Mexico’s Cobre del Mayo extends exchange offer for 10¾% notes

By Angela McDaniels

Tacoma, Wash., Jan. 21 – Cobre del Mayo, SA de CV extended the exchange offer for its $217.2 million of outstanding 10¾% senior notes due 2018 to 11 a.m. ET on Jan. 28 from 11 a.m. ET on Jan. 20, according to a company news release.

As of 11 a.m. ET on Jan. 20, holders had tendered $196.5 million principal amount, or 90.5%, of the notes.

As previously reported, in exchange for the 10¾% notes, the company is offering about $119.5 million principal amount of senior secured pay-in-kind toggle notes due 2021 and about $97.8 million principal amount of junior non-interest bearing 2045 notes.

For each $1,000 principal amount of notes exchanged, holders will receive $550 principal amount of secured notes and $450 principal amount of junior notes.

In addition, holders will receive secured notes in an amount equal to accrued interest up to but excluding the settlement date, which is expected to be Feb. 2.

Under the exchange offer, holders may choose to sell the junior notes that they receive to an affiliate of the company for cash payment of $20 per $1,000 principal amount of junior notes.

Based on elections made by noteholders who have tendered so far, the company affiliate is expected to purchase 88.8% of the principal amount of the junior notes to be issued in the exchange offer.

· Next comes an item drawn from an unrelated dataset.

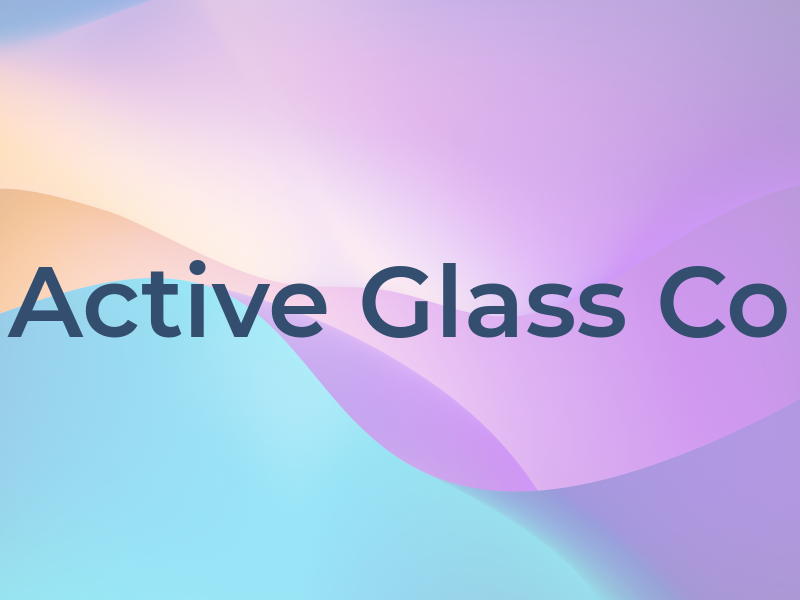 Active Glass Co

The terms of the secured notes provide for the payment of additional annual cash interest payments to the extent that settlement prices for LME grade A copper cathode exceed threshold prices.

The secured notes will be guaranteed by direct and indirect wholly owned subsidiaries of the parent company, Frontera Copper Corp., SAPI de CV, as well as Kupari Holdings SA, of which the company owns 40% of the outstanding equity interests, and its subsidiaries. The secured notes will not be guaranteed by Frontera.

The company said that Frontera had agreed to lend the company the funds for interest due Nov. 15. The entire $13 million principal amount of the loan will be exchanged for an equal principal amount of secured notes upon completion of the exchange offer.

Consents sought

Along with the exchange offer, the company is soliciting consents to amend the notes indenture to eliminate most of the restrictive covenants. Holders who give their consents will receive a consent payment of $1 per $1,000 principal amount for which consents are provided.

Holders may participate in the consent solicitation without tendering their notes in the exchange offer, but they may not participate in the exchange offer without consenting to the proposed amendments.

The exchange offer is only being made to holders who would be acquiring the new notes outside the United States or otherwise under Regulation S or those who are institutional accredited investors under Rule 144A.

The exchange and solicitation agents are Jefferies LLC (212 708-2733) and BCP Securities, LLC (203 629-2181). The information agent is D.F. King Ltd. (44 20 7920 9700, 212 269-5550, 852 3953 7230, cobredelmayo@dfkingltd.com or http://sites.dfkingltd.com/cobredelmayo).

The issuer is a mining company based in Hermosillo, Mexico.